As published in IEEE Spectrum this week, tests using the new diamond method have proven promising leads in the war against thermal bottlenecks in our electronics. As semiconductors and processors grow ever more powerful and dense, the transistors get ever more tightly packed; for instance, Nvidia's Blackwell GPU architecture holds 208 billion transistors on a single GPU.
All this cramming and shrinking is pushing up against thermal constraints, as innovations in efficiency become counteracted by thermal limits. To this end, Stanford researchers led by Srabanti Chowdhury have been studying the use of diamond layers in transistor fabrication for years, since at least 2022.
The use of diamonds in conjunction with GaN transistors is nothing new; Japan also published research on the topic in 2022, and the U.S.'s DARPA fund hired Raytheon to research the topic in 2024. The biggest innovation achieved by Professor Chowdhury's team this week was the ability to grow diamonds directly on semiconductor devices at a low enough temperature to keep the components alive. Before this breakthrough, diamond sheets at the micrometer scale could only be grown in the range of 1,000 degrees Celsius or higher.
Chowdhury and the team's diamond-growing method is able to produce "large-grained polycrystalline diamond all around devices at 400°C." Every word in this quote represents a breakthrough all its own. By adding oxygen to the mix at higher levels than the old methods, non-diamond carbon deposits are etched away, avoiding soot that harms rather than helps conductivity. This 400C temperature is within a survivable range for CMOS devices, while still burning hot enough to create diamonds rather than more soot. The large crystals are also a major part of this method, as producing larger crystals also ensures higher conductivity than a layer of many short crystals sitting next to each other, not spreading heat in a productive manner.
Diamond has been fingered as a component in future chips for years, due to its insanely high thermal conductivity, with single-crystalline diamond measuring six times more conductive than copper.

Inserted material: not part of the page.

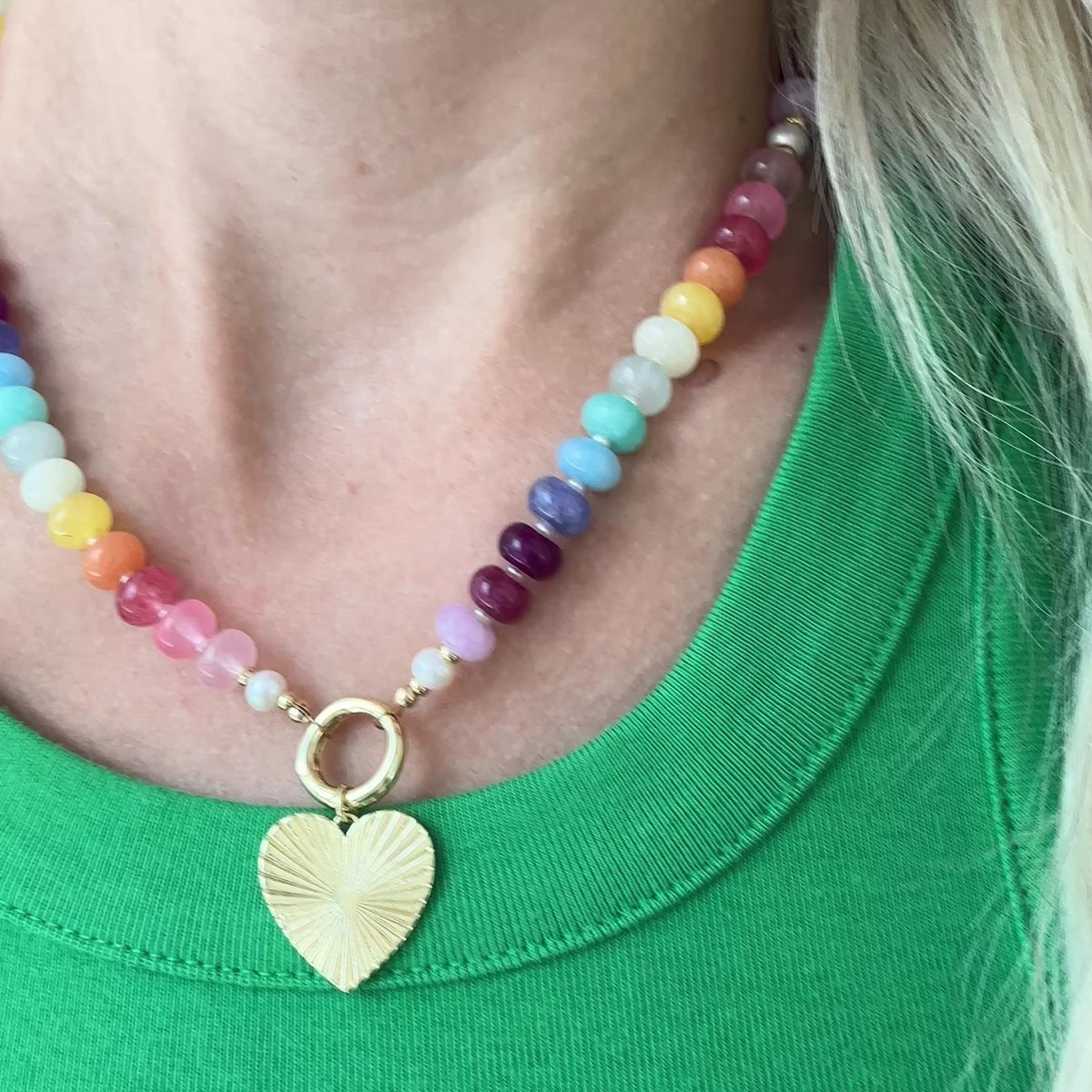 Necklace with colorful beads and a gold clasp with gold heart charm on a woman wearing a green shirt.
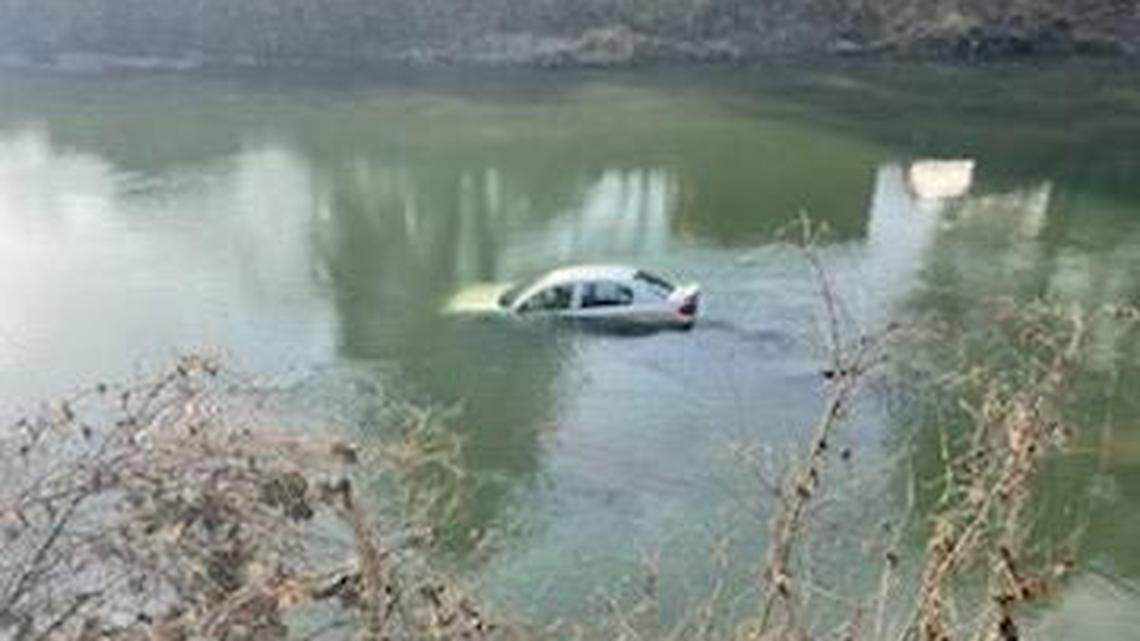 A Kentucky Power lineman saved a woman whose car was sinking in a river.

And sourcing and fabbing diamond transistors, while attractive, would be impossible due to the lack of supply in this form factor.
So instead, diamond has become a new component on top of gallium nitride transistors, being grown directly atop semiconductors and forming a silicon carbide interlayer to achieve revolutionary levels of thermal dissipation directly on the transistor. Standard heatsinks on top of semiconductors will never be able to penetrate into a chip to pull heat away from hot spots, especially as 3D chip architectures continue to progress and expand upwards. But a diamond layer surrounding the 3D transistor can seemingly do the job swimmingly.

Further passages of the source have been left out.